One major limitation of current tagging method is the low tagging resolution, as less than three taglines can be placed across the myocardium wall. Such low tagging resolution hampers the quantification of transmural myocardial wall strains. To improve tagging resolution, Stuber et al. proposed and demonstrated in humans a method which allowed doubled tagging resolution through combined SPAMM11 sequence with shifted tagging grids (5). The shift of the tagging grids was accomplished by applying a phase shift to the second RF pulse in a SPAMM11 sequence. By multiplication of two images of the same slice with shifted tagging grids, doubled tagging resolution can be effectively achieved. However, the doubled tagging resolution from two separate data sets presents additional challenge to the post-processing of tagged images. Besides the processing of multiple image sets, tag tracking in the image domain also becomes more difficult as tag lines are more likely to converge at systole with reduced tag spacing. As a result, there has been limited application of this high-resolution tagging method.

Recently, harmonic phase (HARP) analysis has been proposed as a rapid and automated method for strain quantification (6-8). HARP method is based on the fact that tissue motion is directly encoded in the phase images of the offcenter spectral peaks (harmonic peaks) in the Fourier domain of SPAMM tagged images. Method for direct calculation of the 2D Eulerian strains from spatial derivatives of HARP images has been developed and validated in humans and large animals (7, 9, 10). Recently, we also developed method for direct quantification of the 2D Lagrangian strains from HARP images. The accuracy and sensitivity of such quantification were evaluated in a rat model of myocardial infarction (11).
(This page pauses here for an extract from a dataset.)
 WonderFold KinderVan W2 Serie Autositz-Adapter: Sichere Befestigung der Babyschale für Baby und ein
In the present study, we developed a novel HARP-based strain analysis method that allowed fast strain calculation from the high-resolution tagged images. The utility of such method was demonstrated in mouse heart by quantifying the transmural difference of normal and principal strains.

Methods

Animal Preparation and MR Imaging Protocol

A total of seven two-month old C57BL/6 mice underwent MR imaging on a 4.7T Varian INOVA system (Varian Associates, Palo Alto, CA) equipped with a gradient insert (60 G/cm, 10 cm inner diameter). An in-house built 2.5 cm surface coil was used for image acquisition. Animals were anesthetized with 1% isoflurane by nose cone and placed into the coil in prone position. Electrodes were attached to the front paws and right leg. Pre-amplified ECG signals were transferred through an optical fiber to a trigger unit for ECG gating and monitoring of the vital signs as previously described (12). The animals were kept warm by blowing hot air into the magnet using a blow dryer. The heat flow and the anesthesia level were manually adjusted to maintain the heart rate. The animal protocol was approved by the Animal Studies Committee of the Washington University Medical Center.
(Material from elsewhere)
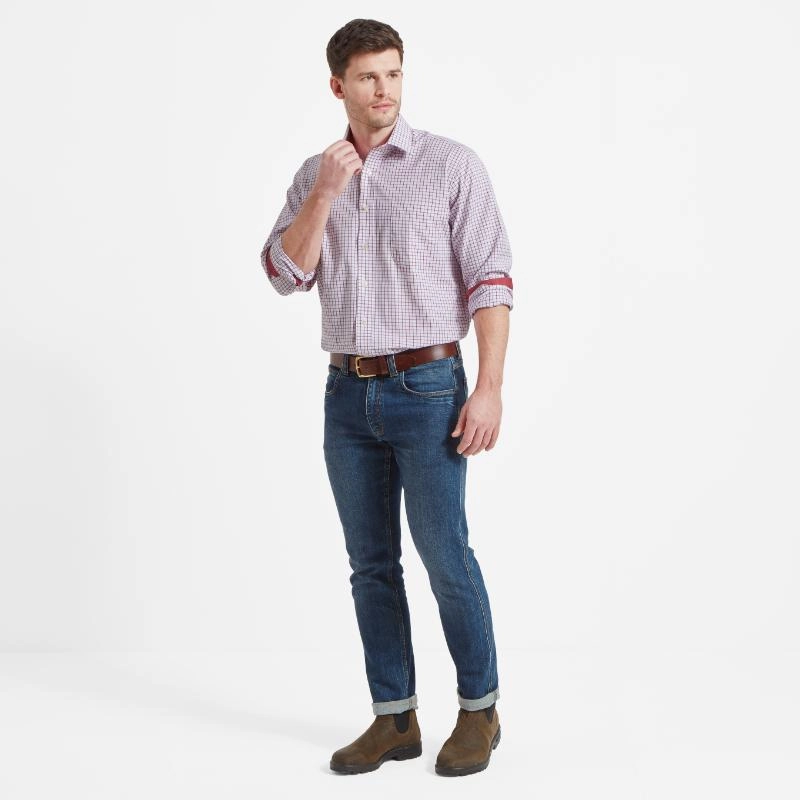 Best Deal Online Hot Pick Sale Schoffel Cambridge Mens Classic Fit Cotton Check Shirt - Raspberry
A series of scout images were acquired to obtain short-axis (SA) planes. After acquiring a horizontal long-axis (LA) image (four-chamber view), three contiguous SA images, parallel to the tricuspid and mitral valve plane, were prescribed at the midventricular level. Two sets of tagged images (0.6 mm tagging resolution) were acquired with either SPAMM11 or SPAMM11̄ sequence applied immediately after the detection of the R-wave, leading to a shift of the tagging grids by half a tagging voxel between the two data sets (Figure 1a&b). Such an approach yielded a final tagging resolution of 0.3 mm when the two data sets were combined (Figure 1c). The SPAMM sequence was followed by the acquisition of cine images using FLASH sequence with the following imaging parameters: TE, 3 ms; field of view, 4 cm×4 cm; matrix size, 256×128; slice thickness, 1 mm. TR was adjusted according to the heart rate such that a total of 15 frames were acquired per cardiac cycle.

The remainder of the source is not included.